Counting your blessings is a big topic this time of year and it’s always a good exercise to acknowledge what you are thankful for. Which brings to mind the questions I received the other day about the need to send thank-you notes following an interview.
Their concern was whether sending notes made a difference during the hiring process and if thank-you letters increased their chances of an offer.
Naturally, being invited for an interview and acknowledging the interviewer for their time is a common courtesy and most likely will make a good impression if you have a well written letter.
Most interviewers expect some type of acknowledgement, it’s a sign of professional protocol that’s expected. If you didn’t send one, it would be noted mentally.
Yet as a job candidate who wants to make a good impression, it takes time to create a memorable response, and without receiving acknowledgement you might wonder: Is a letter really necessary for landing a job?
Here’s the problem with trying to guess if a letter is really necessary: If you guess wrong it could send a negative perception of being unappreciative and of having poor manners. It’s too risky not to send a thank-you letter.
While a letter may not influence a hiring decision maker to bring you on board, without one it sends a message that you are lukewarm about the position.
I never will forget the thank-you letter story that literally changed a candidate’s career path. He went through the hiring process like everyone else, going on multiple interviews with various departments. Hoping to make a good impression with everyone.
As weeks passed, he received news that he was one of the top two candidates being considered for the leadership role that would add to his career. As things would happen, he came in second place missing the opportunity.

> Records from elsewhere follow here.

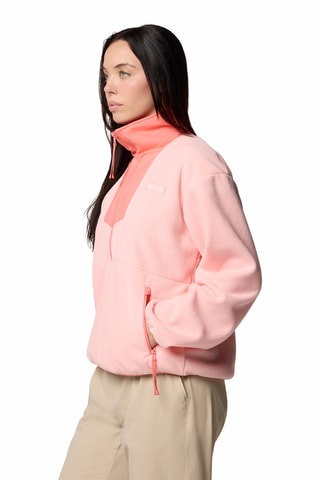 Fleece Jasje Sequoia Grove™ - Roze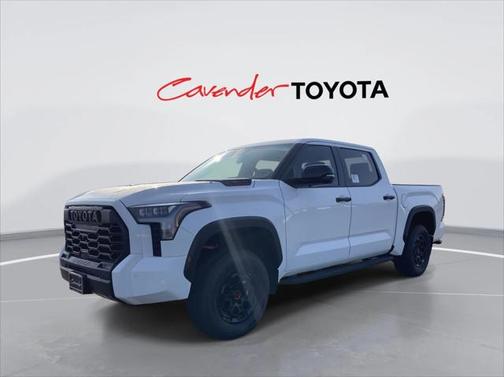 2025 Toyota Tundra Hybrid TRD Pro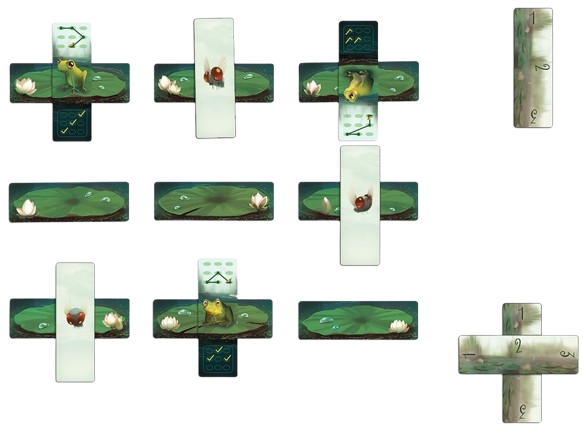 Miniature : BOG (nano game)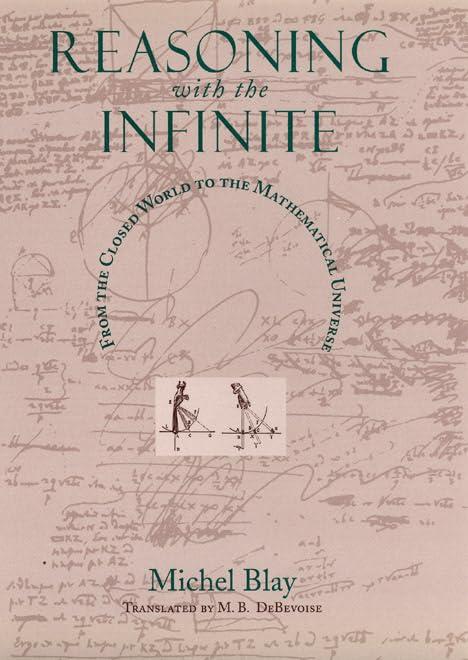 Reasoning With the Infinite: From the Closed World to the Mathematical Universe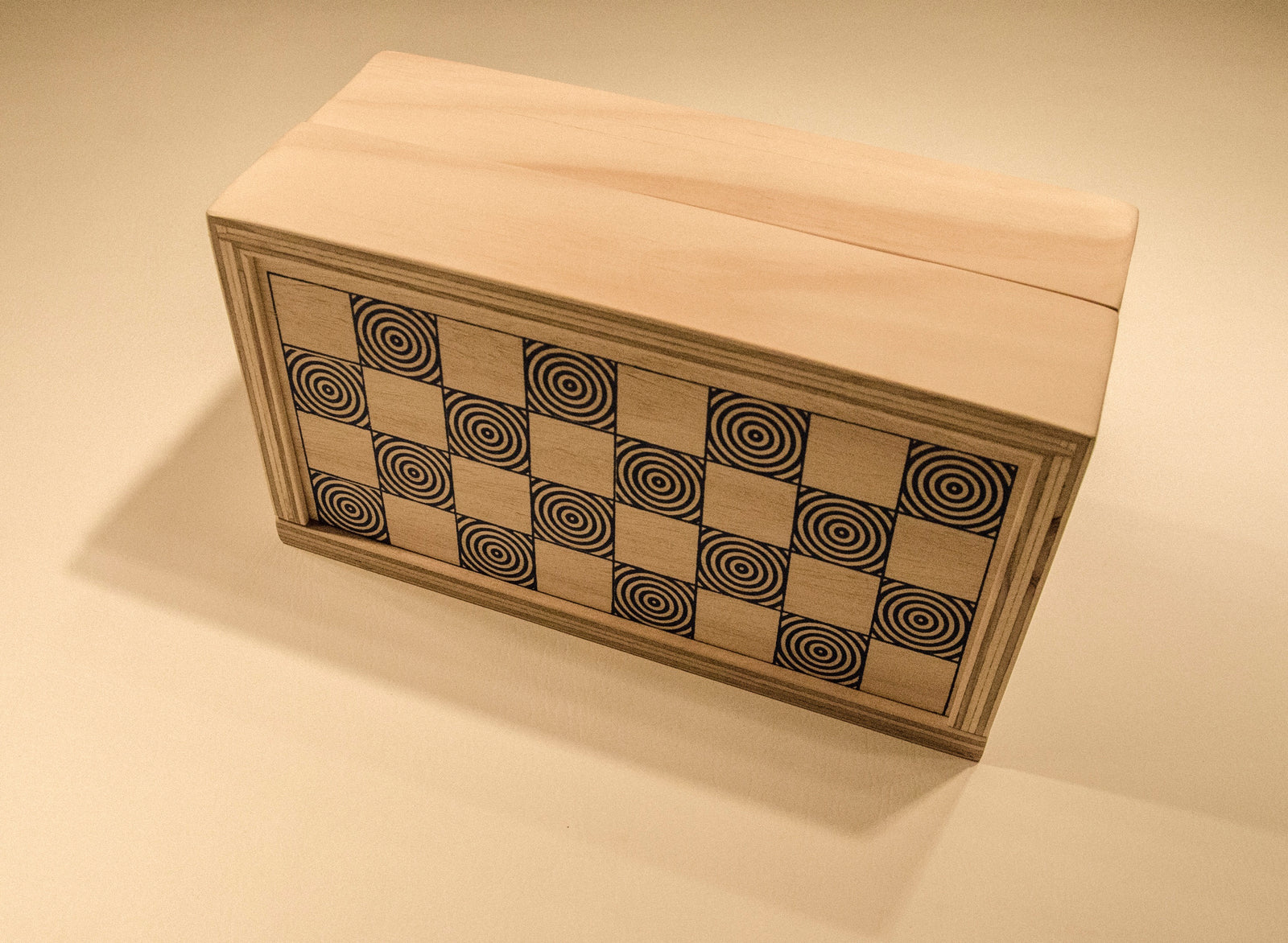 Silkscreened Puzzle Classics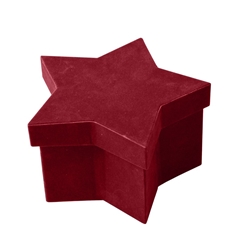 Christmas Hatbox Noelle 20.5*13*12cm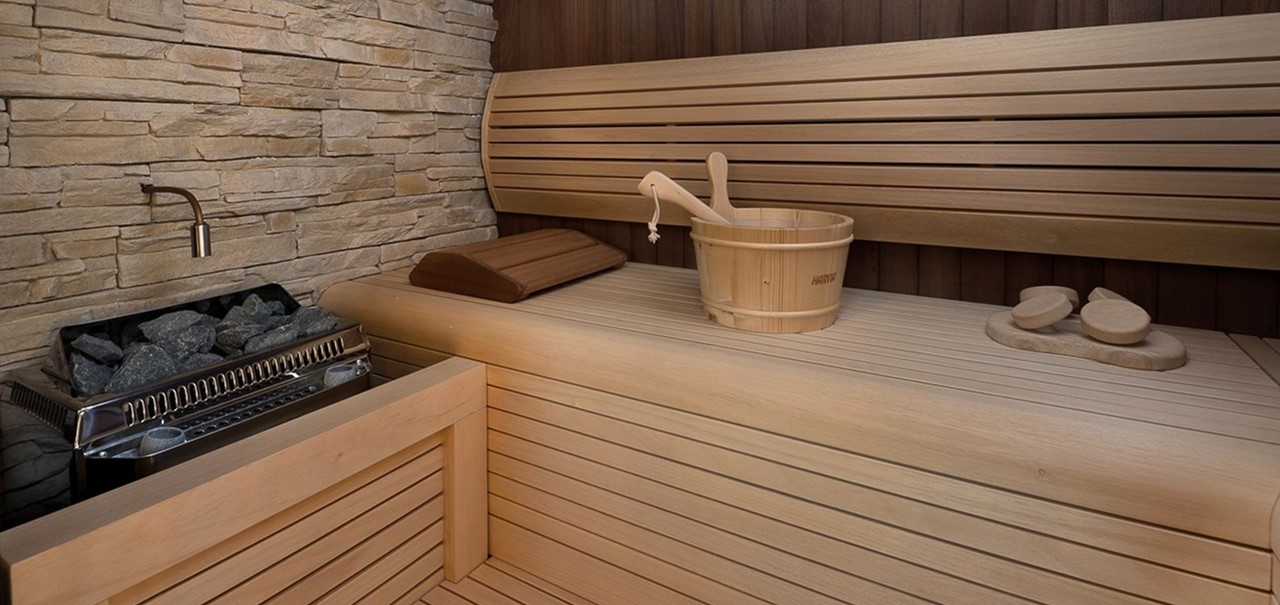 Sauna Villa 108 64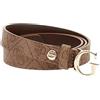 Guess Cinta donna Meridian latte logo C24GU09 BW7813VIN20 L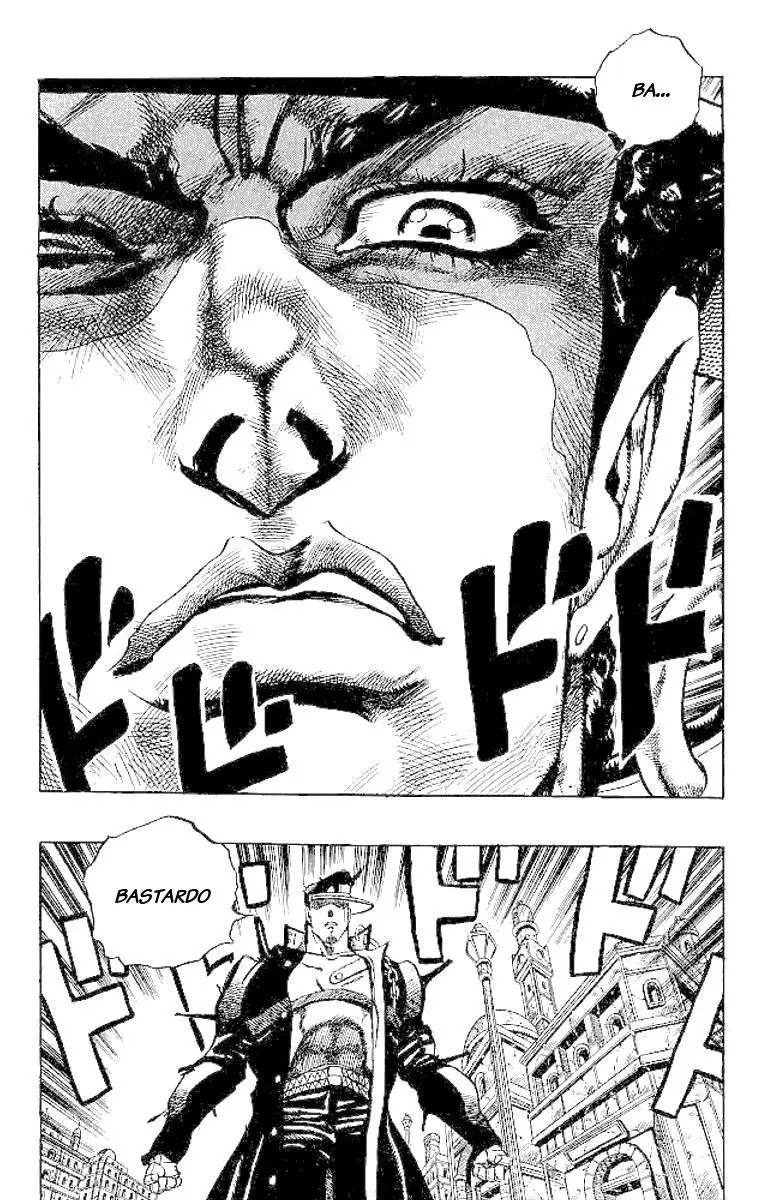 JoJo's Bizarre Adventure - Parte 3: Stardust Crusaders capítulo 149, página 10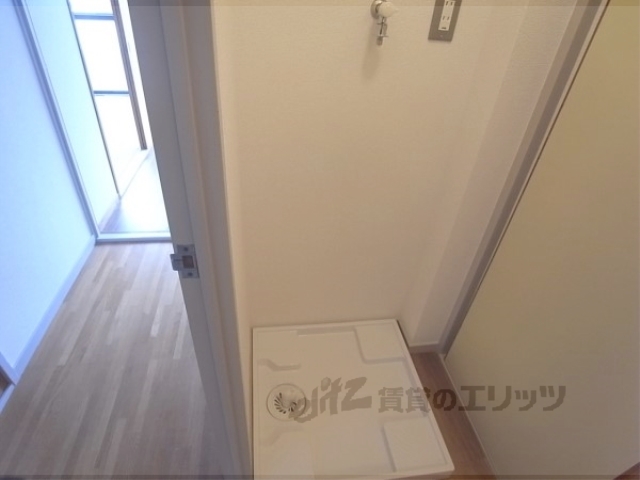 その他部屋・スペース　洗濯機置場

The offer was extended to the first candidate, yet he did something that most take for granted and second guess – he sent a thank-you letter and followed it up with a phone call even though he wasn’t selected.
In his letter, he mentioned again how he enjoyed learning more about the organization and understanding their goals. He restated his interest in working with the company and would like to be kept in mind if future needs change.
So, two months down the road an unexpected change happened – the first candidate left. With the company being in a vulnerable spot, they called him immediately to come in for a meeting.
The hiring manager told him that his thank-you letter and follow up call made an impact on their decision to call him.
Gratitude works best when it’s expressed from sincere thoughts of appreciation. Writing thank-you letters just for the purpose of making a good perception becomes tiring if you only use them to get something in return.
People generally respond to a genuine sense of gratitude, it makes them feel appreciated and during a career transition, it’s important to recognize everyone’s efforts in supporting your goals.
Conveying appreciation is memorable, but consider taking it a step further and follow-up with a phone call, like the candidate who ended up with a great opportunity did.
Here are some suggestions for expressing appreciation:
- Start by acknowledging their time and interest during the interview.
- Reinstate your overall understanding of the position discussed and the employer’s needs mentioned during the interview.
- Correct any type of misgivings or objections that surfaced during your meeting – a good strategy for minimizing doubt on the part of the interviewer while supporting your candidacy.
- End the letter by communicating your interest in working for them and the company.
- Keep it short, be concise and make every word count. You want to keep your thank-you letters around four paragraphs.
- Respond with a thank-you message within 24-48 hours.
What makes a good thank-you letter? How does appreciation change your perception of a candidate?